A string of new and unusual terms
Harry Lambert at the New Statesman starts his piece on Helen Joyce’s book with an observation:
When the Labour government introduced the Gender Recognition Act in 2004, few involved in its implementation expected that 17 years later Britain’s leading medical journal, the Lancet, would refer to women as “bodies with vaginas” in an effort to be gender inclusive.
That phrase is the latest in a string of new and unusual terms (“people who menstruate”, “birthing people”, “bleeders”) used to describe women. This change in language is the product of a rapid shift in Western culture towards the idea that biological reality is a social construct.
Yes but what else? There’s another piece to this puzzle.
The what else is that it’s women this is done to. It’s not men. It’s women who get erased, and it’s not men. No “bodies with penises” on the cover of the Lancet. No much-admired man’s words altered by the ACLU. No talk of “people” needing vasectomies on National Public Radio.
This is all so blindingly obvious, and yet…
I know so many good decent people who (1) just don’t see this at all, and (2) when it’s pointed out to them, they say ‘so what?’, and (3) when you begin to discuss the ‘so what?’ they become defensive, deny the issues could possibly exist in practice and then become angry at me/us when confronted with evidence of the issue occurring. On top of that, people who were friends and colleagues don’t just ignore and shun you, they fairly often become active enemies seeking to tear you down because you’re a transphobe – all without providing anyone evidence of said transphobia. I know plenty of people who have peaked, but are too terrified to say anything for fear of the consequences.
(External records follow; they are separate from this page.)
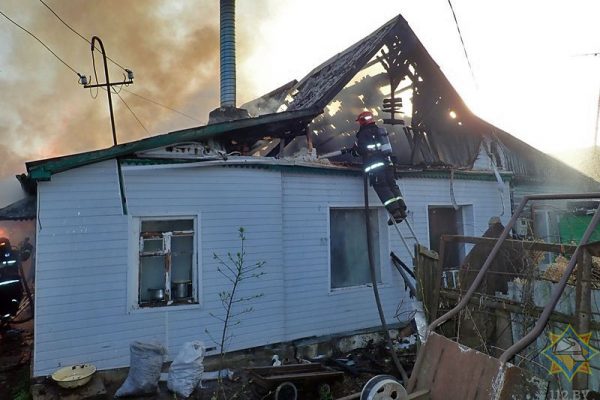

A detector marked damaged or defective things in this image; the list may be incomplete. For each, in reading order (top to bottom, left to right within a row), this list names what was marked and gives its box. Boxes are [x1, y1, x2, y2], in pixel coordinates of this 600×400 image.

broken window glass [138, 219, 195, 306]
broken window glass [328, 208, 380, 290]
rusty metal sheet [408, 332, 548, 400]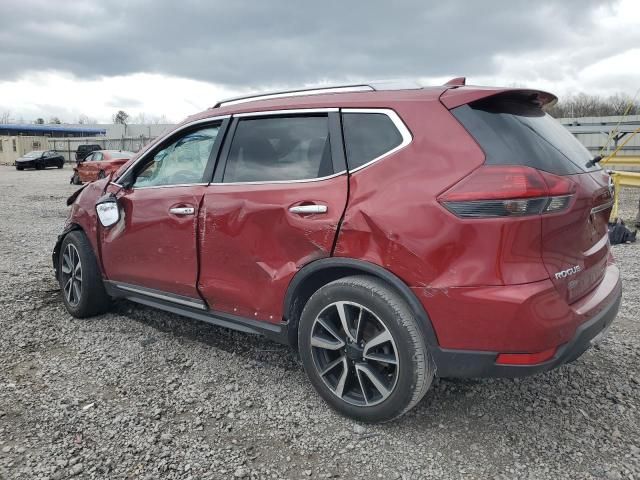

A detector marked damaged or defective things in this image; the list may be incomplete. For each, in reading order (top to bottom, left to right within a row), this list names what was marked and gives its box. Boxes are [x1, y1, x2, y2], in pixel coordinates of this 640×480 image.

dented front door [200, 178, 348, 324]
dented rear door panel [200, 178, 350, 324]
I really admire the people who are prepared to speak publicly on this issue under their own names.
As another example:
There’s a comic book series that now has a television adaptation, called Y: The Last Man. I haven’t read/watched either, so I only know the summaries I’ve read, but I gather the premise is that some mysterious phenomenon wipes out every mammal on the planet with a Y chromosome, except for the protagonist and his pet monkey.
Apparently the television series actually clarifies that trans women were wiped out, too, while trans men continue to exist. I think the show is generally not seen as controversial, even though the title presumably “ought” to be “Y: The Last Body With a Penis.”
Wait a year or two. Then see.
While I think there’s misogyny involved, sure, I really don’t think that’s the root cause. Men are less likely to be wearing “Be Kind” t-shirts, but they’re still vulnerable. The nature of the claim doesn’t allow compromise, and there’s a lot of momentum driven by people who are very, very sure of themselves. Young men are already starting to complain about being seen as bigots because they don’t want to date transwomen (or transmen, if gay.)
Because their status as a social and political group is firm, they’re less likely to worry about being “erased” by the inclusion of women in “men,” or the loss of the ability to name themselves. There’s less at stake.
Well, it’s been this way as long as it’s been such a radioactive issue, so I don’t offhand see why another year or two would make any difference.
I don’t think it’s just misogyny though. Misogyny-adjacent, but not necessarily the thing itself. I think men are raised to feel pretty entitled, especially in relation to women. I think they’re raised to expect to be able to lay down the law, especially to women, while women are raised to be, at least, hesitant about doing that. That’s not specifically misogyny so much as it’s age-old sexist habits and assumptions. I find many activist trans women to be extremely aggressive, in a way that women can’t really carry off, if only because we can’t back it up with a punch.
“….people who were friends and colleagues don’t just ignore and shun you, they fairly often become active enemies seeking to tear you down because you’re a transphobe – all without providing anyone evidence of said transphobia. I know plenty of people who have peaked, but are too terrified to say anything for fear of the consequences.”
I suspect part of the popularity of trans ideology isn’t that people sincerely believe in it, but that this ideology provides an excuse to get rivals and enemies ostracised and fired. Calling someone-especially a woman- a “transphobe” is akin to calling someone a Communist sympathiser in 1950s America.
Also, has anyone here seen this? The UK Labour Party just passed a motion about “conversion therapy”, that will in fact criminalise any medical professional who doesn’t use the “affirmation only” method.
https://twitter.com/BluskyeAllison/status/1442904887629549568
This is horrifying. If this passes, UK Doctors who don’t dress children and teenagers up as the opposite sex and feed them puberty blockers will go to jail.